Go through the data and report each line that holds the string "начале".

Stored records:
________

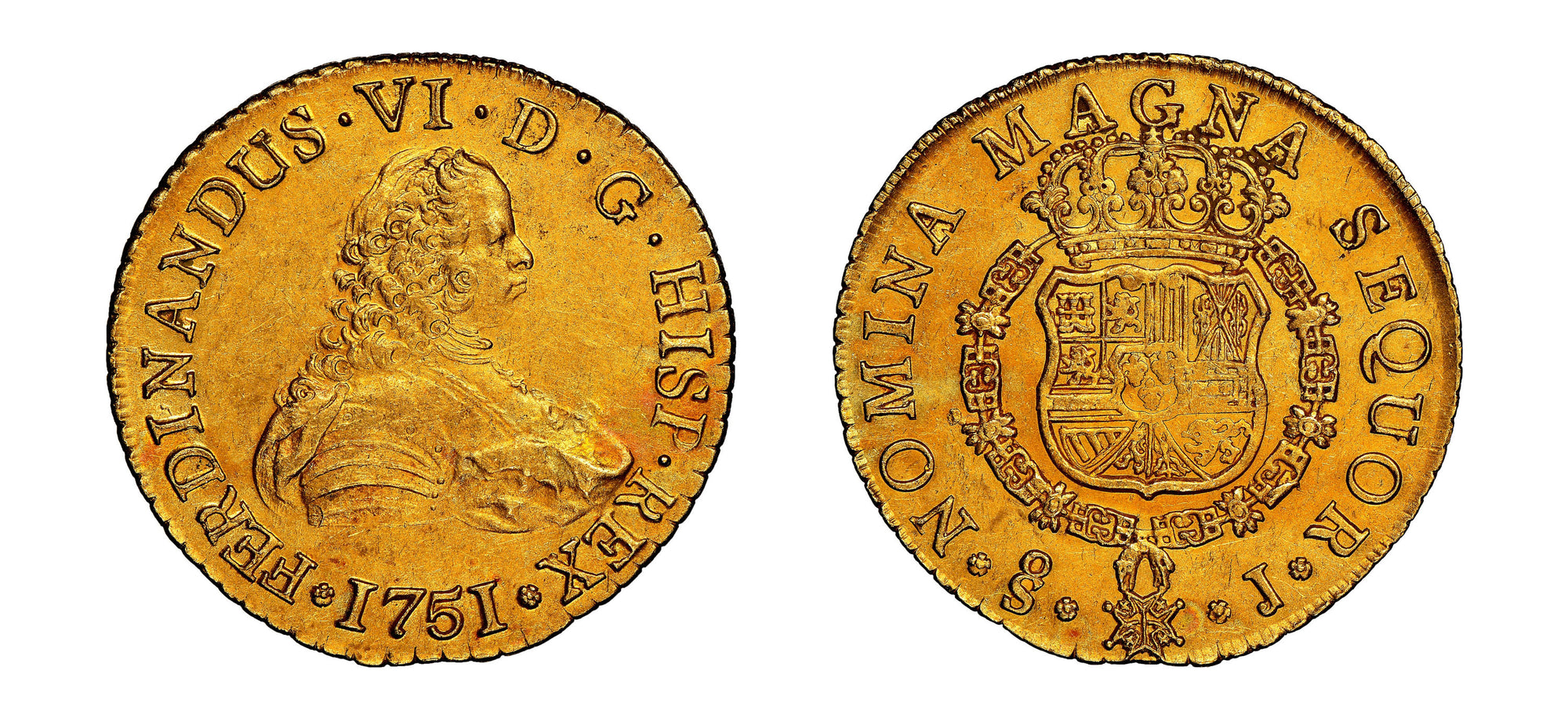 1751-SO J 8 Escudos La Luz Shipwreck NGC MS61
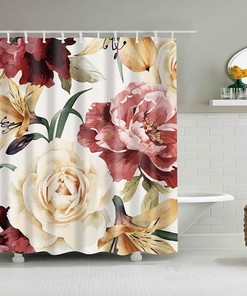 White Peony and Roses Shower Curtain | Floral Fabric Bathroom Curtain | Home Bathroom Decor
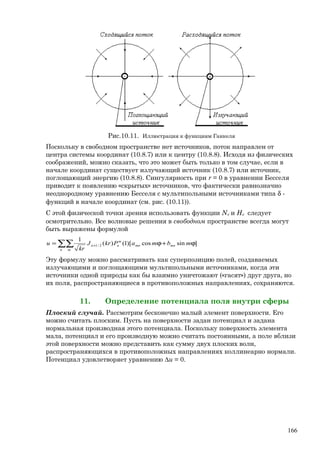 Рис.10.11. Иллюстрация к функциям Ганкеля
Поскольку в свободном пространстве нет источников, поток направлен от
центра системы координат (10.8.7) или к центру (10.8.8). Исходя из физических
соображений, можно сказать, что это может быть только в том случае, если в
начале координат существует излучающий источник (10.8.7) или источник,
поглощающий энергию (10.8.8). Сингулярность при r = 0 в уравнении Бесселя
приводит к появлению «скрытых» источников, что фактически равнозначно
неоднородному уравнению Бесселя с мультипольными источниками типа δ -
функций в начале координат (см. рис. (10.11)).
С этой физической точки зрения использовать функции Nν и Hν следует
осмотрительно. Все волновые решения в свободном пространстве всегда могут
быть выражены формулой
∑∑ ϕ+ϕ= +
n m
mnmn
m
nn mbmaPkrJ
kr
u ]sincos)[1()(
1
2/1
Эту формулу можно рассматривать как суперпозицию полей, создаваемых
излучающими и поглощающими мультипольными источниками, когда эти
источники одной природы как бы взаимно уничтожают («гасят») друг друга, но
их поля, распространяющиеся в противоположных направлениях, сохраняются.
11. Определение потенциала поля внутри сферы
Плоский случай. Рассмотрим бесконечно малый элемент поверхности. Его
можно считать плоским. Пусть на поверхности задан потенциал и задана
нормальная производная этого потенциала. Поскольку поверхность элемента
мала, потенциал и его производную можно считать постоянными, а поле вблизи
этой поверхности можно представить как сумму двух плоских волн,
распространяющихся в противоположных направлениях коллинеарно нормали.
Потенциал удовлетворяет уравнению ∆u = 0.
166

________

ANSWER SPACE
начале координат существует излучающий источник (10.8.7) или источник,
функций в начале координат (см. рис. (10.11)).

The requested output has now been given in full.